The mean differences in volume measurements between the two sequences showed that FS SPGR consistently measured slightly higher cartilage volumes than did multiecho IDEAL GRE by about 0.10 mL. The variability in differences between the two sequences was low, with the highest standard deviation of the differences across the knee regions being ±0.25 mL. The Bland-Altman 95% limits of agreement indicated that 95% of the volume measurement differences between multiecho IDEAL GRE and FS SPGR are (−0.30, 0.24 mL) for femoral cartilage, (−0.60, 0.38 mL) for tibial cartilage, and (−0.73, 0.25 mL) for patellar cartilage.

In the phantom experiments, the cartilage volume segmented with multiecho IDEAL GRE and FS SPGR showed high accuracy. The mean absolute underestimation of the cartilage volume was 0.4 mL ± 0.1 for both multiecho IDEAL GRE and FS SPGR. The corresponding relative differences were −1.8% ± 0.3 for multiecho IDEAL GRE and −1.6% ± 0.5 for FS SPGR (Table 2).

Table 2.

Comparison of Multiecho IDEAL GRE and FS SPGR in Reproducibility and Accuracy of Volumetric Quantification

graphic file with name r09jn94t02x.jpg

Note.—COV = coefficient of variation.

* Data are the mean ± standard deviation.

Precision was high for our observer who segmented the femoral cartilage volumes of the cadavers; the coefficients of variation for intraobserver reproducibility were 1.2% for multiecho IDEAL GRE and 1.3% for FS SPGR. Interimage reproducibility was also high, with coefficients of variability of 0.5% for multiecho IDEAL GRE and 0.9% for FS SPGR (Table 2).

Discussion

Multiecho IDEAL GRE is a pulse sequence that was recently developed to facilitate rapid MR imaging with fat-water separation. Multiecho IDEAL gives additional flexibility in choice of image parameters and imaging time when compared with single-echo IDEAL (12). Multiecho IDEAL acquires all three echoes with one TR, reducing the potential for motion between echoes that is inherent in single-echo IDEAL imaging. The actual imaging time of a multiecho IDEAL acquisition (depending on receiver bandwidth) is shorter than a comparable single-echo IDEAL image. Because of the need for three acquisitions, single-echo IDEAL images usually require longer imaging times than do conventional FS SPGR images. However, multiecho IDEAL has an imaging time similar to that of FS SPGR.
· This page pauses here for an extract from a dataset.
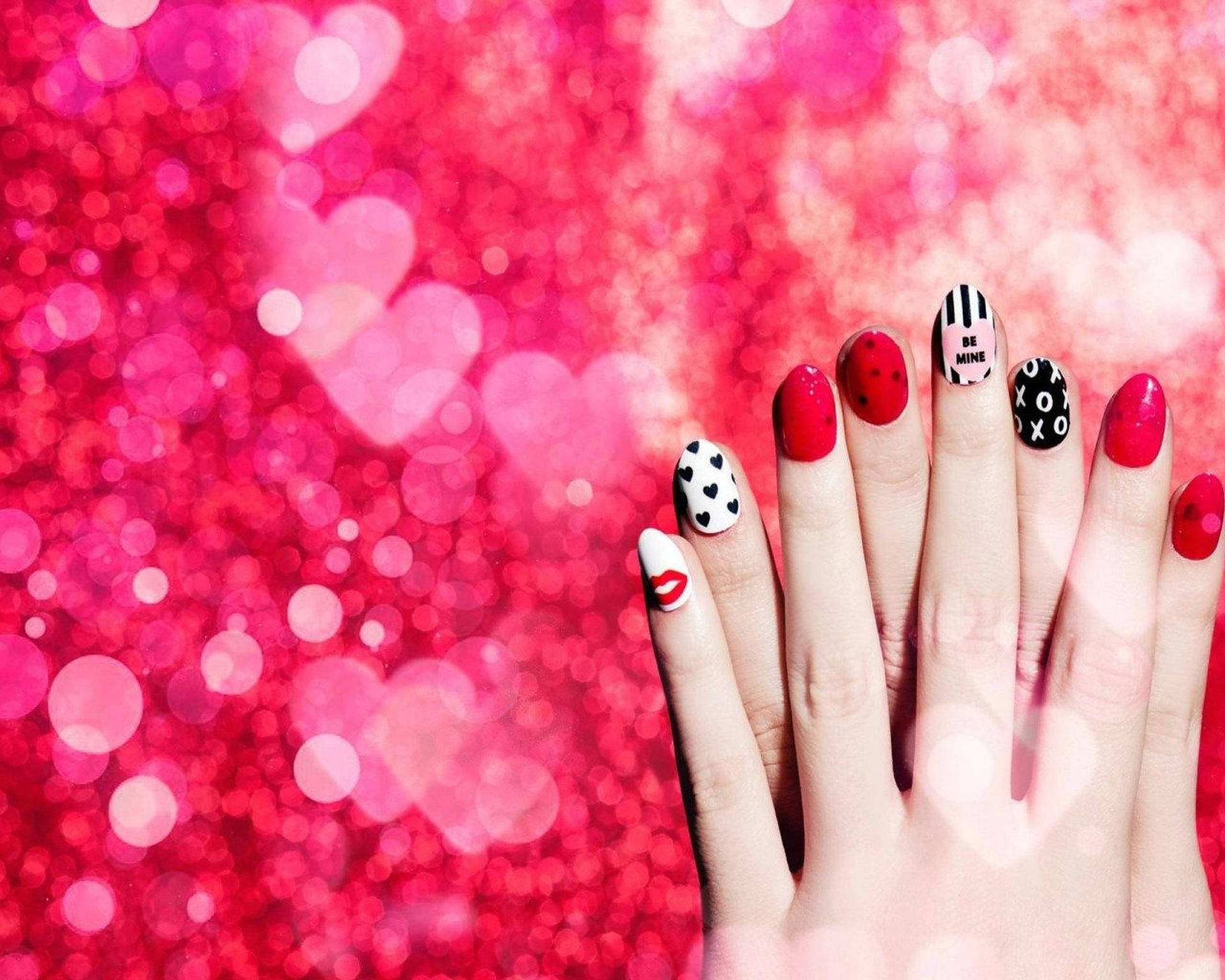 Captivating Red And Black Nail Art Design Background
Multiecho IDEAL GRE provides high signal intensity levels for both hyaline cartilage and synovial fluid. The bright-appearing fluid in multiecho IDEAL GRE imaging is generated by the optimization of the flip angle for maximal cartilage-to-fluid contrast and by the gradient spoiling in GRE imaging that results in a mixed T2/T1 contrast (17). On the other hand, SPGR uses radiofrequency spoiling to reduce signal intensity from fluid, producing T1-weighted contrast with dark-appearing fluid (18). Sequences with bright-appearing fluid, such as dual-echo steady-state imaging (19), and sequences with dark-appearing fluid, such as FS SPGR imaging (20), have been previously used for cartilage assessment.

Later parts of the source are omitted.